When the yacht disappeared I felt a poignant pang at my heart. After it had faded, I stood gazing blankly at the sky, and I felt the lure of the old world. The yacht was going home—to the land of my family and friends. I was now alone, and, with the exception of Francke, there was no white man among this tribe of wild people with whom to converse during the long Arctic night that was approaching. I knew I should not be lonely, for there was a tremendous lot of work to do, although I had unstinted assistance. In every detail, the entire six months of labor including the catching of animals, the drying of meat, the making of such clothes and sledges as would be necessary, and the testing of them, would have to be managed by myself.
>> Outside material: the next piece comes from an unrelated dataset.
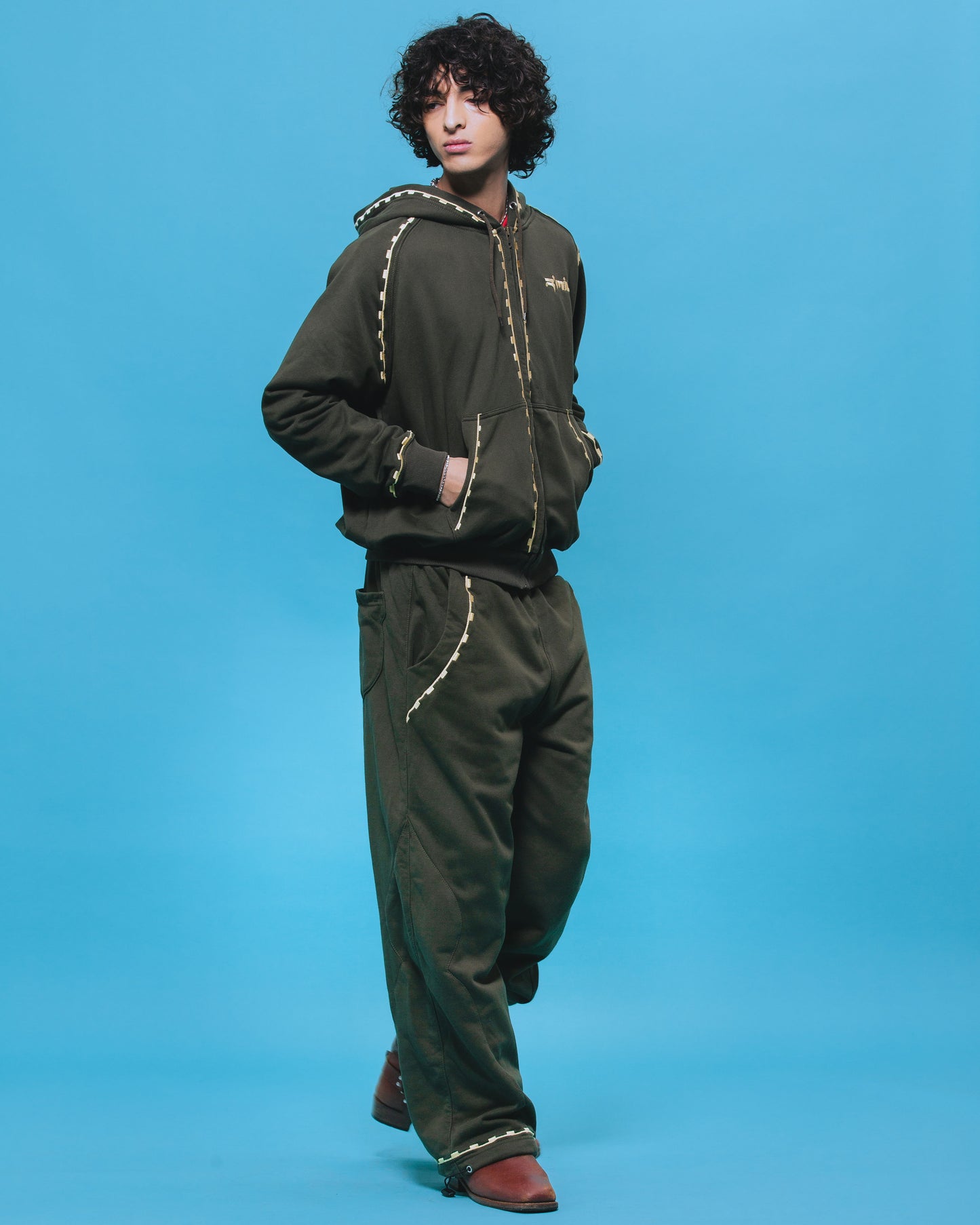 R’MILI „Pants AMAZIGH“ Jogginghose Grün Khaki/Gold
Turning from the rocky highland where I stood, a wild thrill stirred my heart. The hour of my opportunity had come. After years of unavailing hopes and depressing defeats my final chance was presented! In the determination to succeed, every drop of blood in my body, every fibre of me responded.

Why did I desire so ardently to reach the North Pole? What did I hope to gain? What, if successful, did I expect to reap as the result of my dreams? These questions since have been asked by many. I have searched the chambers of my memory and have tried to resolve replies to myself. The attaining of the North Pole meant at the time simply the accomplishing of a splendid, unprecedented feat—a feat of brain and muscle in which I should, if successful, signally surpass other men. In this I was not any more inordinately vain or seekful of glory than one who seeks pre-eminence in baseball, running tournaments, or any other form of athletics or sport.

At the time, any applause which the world might give, should I succeed, did not concern me; I knew that this might come, but it did not enter into my speculations.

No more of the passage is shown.